1. Field of the Invention
The invention relates to a method for producing organically-modified oxide, oxinitride or nitride layers on large areas through vacuum coating. Preferred applications of these layers are transparent barrier films for packaging materials and transparent corrosion-protective or anti-abrasion layers for window faces, mirrors, decorative surfaces, or facade coatings.
2. Discussion of Background
It is known to produce layers for these applications by varnishing with transparent varnish layers or laminating transparent plastic films. Although an adequate barrier or corrosion-protective effect can be obtained in many cases, the abrasion resistance is very low, and weather- and UV-resistance prove to be insufficient in outdoor applications.
Much higher abrasion resistances and good barrier or corrosion-protective properties can be attained with a much lower material expenditure by the application of transparent oxide layers in a vacuum. Coating takes place by vapor-deposition, sputtering, or plasma CVD techniques (G. Kienel: "Vakuumbeschichtung [Vacuum Coating]",Vol. 5, VDI-Verlag, Duisseldorf, 1993). However, inorganic oxide layers produced in this way have a much lower flexibility compared to organic layers produced by varnishing or laminating. This substantially impairs the initially very good properties of the vacuum-deposited oxide layers during use and further processing of the coated films, sheet metals, or plates. Particularly, subsequent stretching or deep-drawing of the coated materials is hardly possible.

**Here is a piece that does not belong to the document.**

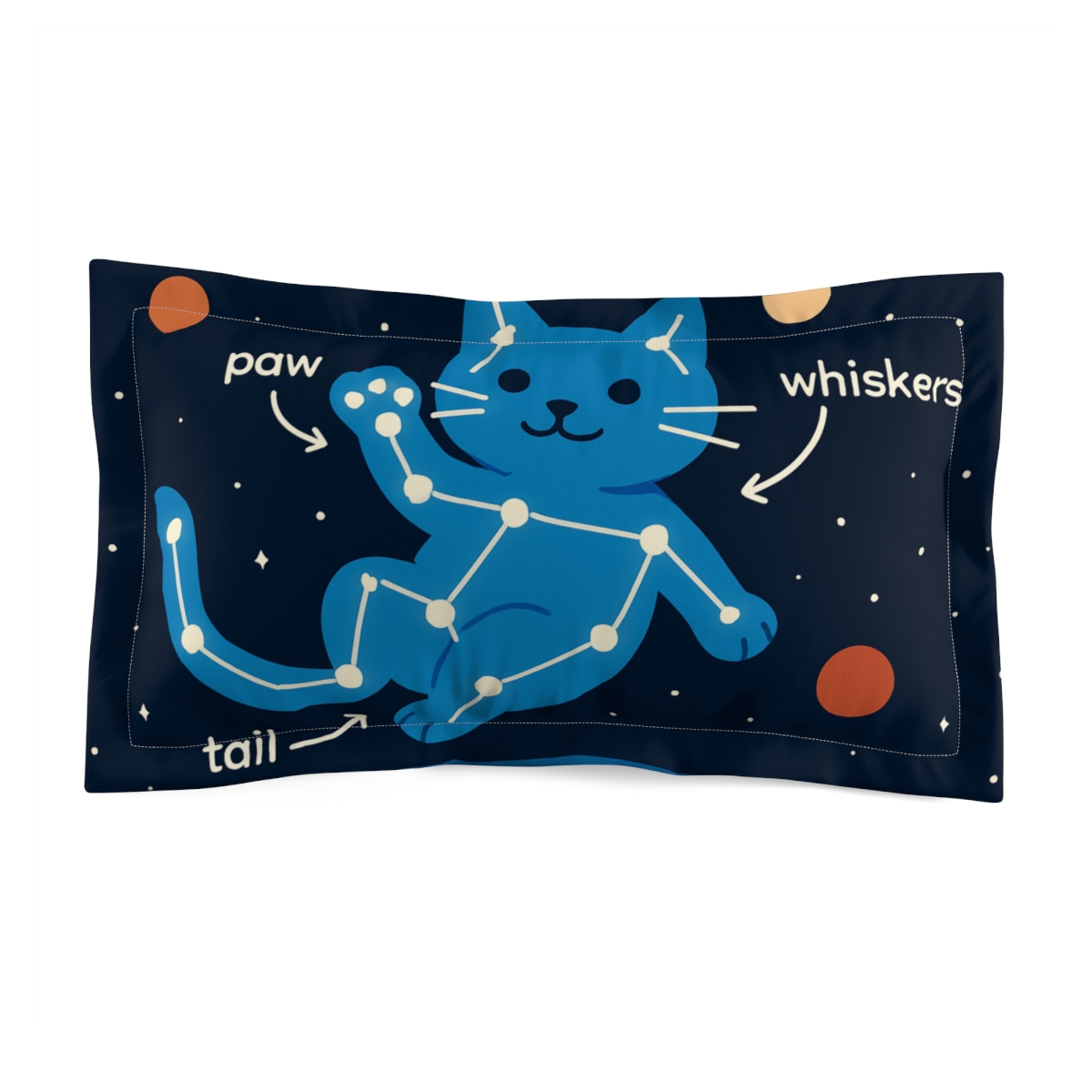 Constellation Cat Star Map stylish throw pillows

It has already been attempted to combine the high flexibility of organic coatings with the high abrasion and weather resistance of the oxide layers. Cited as an example are the so-called called "organically-modified ceramic layers" ("ORMOCER" layers), which are produced according to the Sol-Gel process and are to be applied similarly to varnish layers (R. Kasemann, H. Schmidt: New Journal of Chemistry, Vol. 18, 1994, No. 10, Page 1117). However, they require a layer thickness similar to those of customary varnish layers. Furthermore, although their resistance to abrasion and weather is better than that of varnish layers, it is not as good as that of thin vacuum-deposited oxide layers.
Moreover, it is a known method to produce organic layers with an inorganic oxide component in a way that the organic layers are deposited by plasma polymerization in a vacuum, using organometallic or organosilicon vapors as monomers for the plasma polymerization, so that a concurrent oxygen admission results in the formation of both metallic oxide and silicon oxide molecules that will be incorporated into the growing organopolymeric layer (JP 2/99933). Depending on both the monomers and the proportion of oxygen used, the oxide component in the organic polymer layer may be varied. In this way, layers of greater or lesser hardness can be deposited that are characterized by both good abrasion resistance and good barrier and corrosion-protective properties. But a disadvantage of this method is that true-to-quality layers can be attained only at deposition rates of a few nanometers per second. Hence, this technique proves to be unsuitable for the economical coating of large areas.
It is known to apply a layer comprising an inorganic component and an organic component to a substrate for improving gas imperviousness, with the organic component being non-uniformly distributed in the layer in the monomer state (EP 0 470 777 A2). The disadvantage of this method is that the layer is too brittle for further processing, and the vapor-deposition rates attainable with this method are too low.
Also known is a method of ion-assisted vacuum coating, in which a plasma is used to generate ions. In this method, ions are accelerated toward the substrate through the application of alternatingly positive and negative voltage pulses, relative to the plasma, between the substrate and a coating source (DE 44 12 906 C1). A disadvantage is that the layers produced in this manner are too hard for subsequent processing of the coated substrate.
It is known to produce oxide-polymer dispersion layers through simultaneous evaporation of polymers and metals with two evaporation sources (U.S. Pat. No. 4,048,349). This method is very costly, however, and, in addition, a subsequent thermal treatment must be performed for oxidation.